AI Weekly Insights #82

Multi-Agent Models, Open-Source Delays, and Comet’s Quiet Revolution

Happy Sunday,

It’s edition 82 of ‘AI Weekly Insights’, and this week felt like someone yanked the wheel mid-race. OpenAI’s open-weight model hit the brakes again, Grok dropped a multi-agent beast of a model, and Windsurf bailed on OpenAI only to pop up on Google’s doorstep. Also, Perplexity launched a browser that lowkey wants to replace Google.

Ready? Let’s dive in.

The Insights

For the Week of 07/06/25 - 07/12/25 (P.S. Click the story’s title for more information 😊):

  • What’s New: xAI has released Grok 4 and Grok 4 Heavy, a new family of multimodal AI that combine long memory, real-time search, and advanced reasoning into one powerful system.

  • Muscle with a Big Brain: Grok 4 can handle text and image input, run web searches as it responds, and use up to a million tokens of context in the Heavy version. It also introduces “multi-agent” processing, which means it can think through complex problems by bouncing ideas between copies of itself. Early benchmarks put it ahead of models like Gemini Pro and even OpenAI’s o3 in reasoning tests. Users can subscribe for $30/month, or drop $300/month for Grok 4 Heavy, which unlocks all the high-end features. Voice and video capabilities are already in the pipeline. A study also found that Grok sometimes pulls from Elon Musk’s public posts on X when answering political or polarizing questions, which is weird but not entirely shocking.

  • Why It Matters: Grok 4 is genuinely impressive, at least based on the benchmarks we’ve seen so far. The biggest standout is its reported performance on Humanity’s Last Exam, which, if accurate, nearly doubles the previous best score from Gemini 2.5 Pro. That puts it in rare territory and suggests Grok isn’t just fast, but actually thinking in a more deliberate way. The introduction of multi-agent processing is another big shift. Instead of just using tools like code execution or browsing, Grok spins up internal agents that collaborate on answers. I can definitely see this becoming a standard for models like ChatGPT or Claude in the near future. The Elon-posts thing is weird, and if the model is pulling from Musk’s personal opinions on sensitive topics, that raises real questions about objectivity, especially for something that markets itself as “truth-seeking”. If Musk is wrong, so is Grok, and that’s not great. But bias aside, this feels like the first release from xAI that earns its spot in the big leagues. Not just hype, but real capability that could shift how these tools are built going forward.

Image Credits: xAi

  • What's New: Perplexity has unveiled Comet, a Chromium-based browser that bakes its Perplexity AI assistant into every tab and lets users search, summarize, and take actions without touching Google Search.

  • AI Web Browsing: Comet drops a floating assistant pane onto any page, so you can ask follow-up questions, auto-summarize articles, or fire off “shop,” “schedule,” and “send” commands straight from the sidebar. It keeps a running, searchable memory of your browsing history to cut down on tab overload and lost links. The browser can re-rank results in real time, pulling from multiple engines to give a single answer instead of ten blue links. Privacy gets a headline slot too: Comet claims all on-page analysis runs locally, with only anonymized queries hitting Perplexity’s cloud. Right now the browser is invite-only for Perplexity Max subscribers at two-hundred bucks a month, though the company says a free tier is coming once the early feedback loop tightens up.

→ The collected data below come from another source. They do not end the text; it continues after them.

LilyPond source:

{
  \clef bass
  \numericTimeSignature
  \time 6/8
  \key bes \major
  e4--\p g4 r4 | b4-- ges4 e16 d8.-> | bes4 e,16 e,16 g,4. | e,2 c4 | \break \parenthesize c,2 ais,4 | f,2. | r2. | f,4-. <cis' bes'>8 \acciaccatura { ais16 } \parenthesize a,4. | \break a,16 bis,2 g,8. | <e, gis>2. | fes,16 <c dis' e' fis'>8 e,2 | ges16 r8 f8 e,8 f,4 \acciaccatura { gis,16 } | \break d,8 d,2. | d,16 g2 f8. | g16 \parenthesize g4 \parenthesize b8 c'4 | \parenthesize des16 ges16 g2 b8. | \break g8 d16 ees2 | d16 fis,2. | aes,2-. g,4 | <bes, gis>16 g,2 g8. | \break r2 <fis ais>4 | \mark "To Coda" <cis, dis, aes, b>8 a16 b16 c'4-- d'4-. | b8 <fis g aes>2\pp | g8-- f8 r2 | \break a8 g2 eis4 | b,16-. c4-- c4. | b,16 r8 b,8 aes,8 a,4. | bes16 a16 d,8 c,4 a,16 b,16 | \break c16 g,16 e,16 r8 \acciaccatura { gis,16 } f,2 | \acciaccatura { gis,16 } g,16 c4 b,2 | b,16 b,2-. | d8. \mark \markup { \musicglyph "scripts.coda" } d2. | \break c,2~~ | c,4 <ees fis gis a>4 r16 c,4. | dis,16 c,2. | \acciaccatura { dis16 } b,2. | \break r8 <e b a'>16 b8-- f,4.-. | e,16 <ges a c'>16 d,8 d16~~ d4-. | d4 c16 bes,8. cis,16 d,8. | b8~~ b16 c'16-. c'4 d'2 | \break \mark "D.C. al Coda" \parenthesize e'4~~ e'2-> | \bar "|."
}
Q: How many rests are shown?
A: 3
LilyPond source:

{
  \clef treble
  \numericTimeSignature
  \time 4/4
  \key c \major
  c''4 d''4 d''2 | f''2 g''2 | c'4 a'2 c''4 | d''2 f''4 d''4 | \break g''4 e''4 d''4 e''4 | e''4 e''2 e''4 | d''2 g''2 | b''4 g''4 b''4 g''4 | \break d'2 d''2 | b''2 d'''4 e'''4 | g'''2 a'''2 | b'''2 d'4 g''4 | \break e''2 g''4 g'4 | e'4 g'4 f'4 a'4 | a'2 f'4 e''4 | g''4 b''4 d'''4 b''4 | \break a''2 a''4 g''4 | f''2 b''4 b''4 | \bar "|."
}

Comet ships on macOS and Windows today, with Linux and mobile builds in testing.

  • Why it Matters: Browsers have felt stale for a while, and Comet is a serious swing at turning the address bar into a conversational workspace. If it works, you could leave Google entirely while still getting fast answers, shopping help, and calendar automation from the same place you read news or check email. That chips away at Google’s ad moat, and you can bet the company is watching retention charts. I’m most excited about the persistent memory: being able to ask “where was that study I skimmed last week about micro-plastics” and have the browser just surface it is the kind of quality-of-life boost that keeps knowledge workers loyal. The invite wall and Max price tag feel steep, but Perplexity is clearly stress-testing before scaling to a wider crowd. The real question is whether AI answers inside the browser can stay factual and up to date without leaning on the same Google index they are trying to replace. For now, Comet plants a bold flag that browsing and searching are ripe for a rebuild.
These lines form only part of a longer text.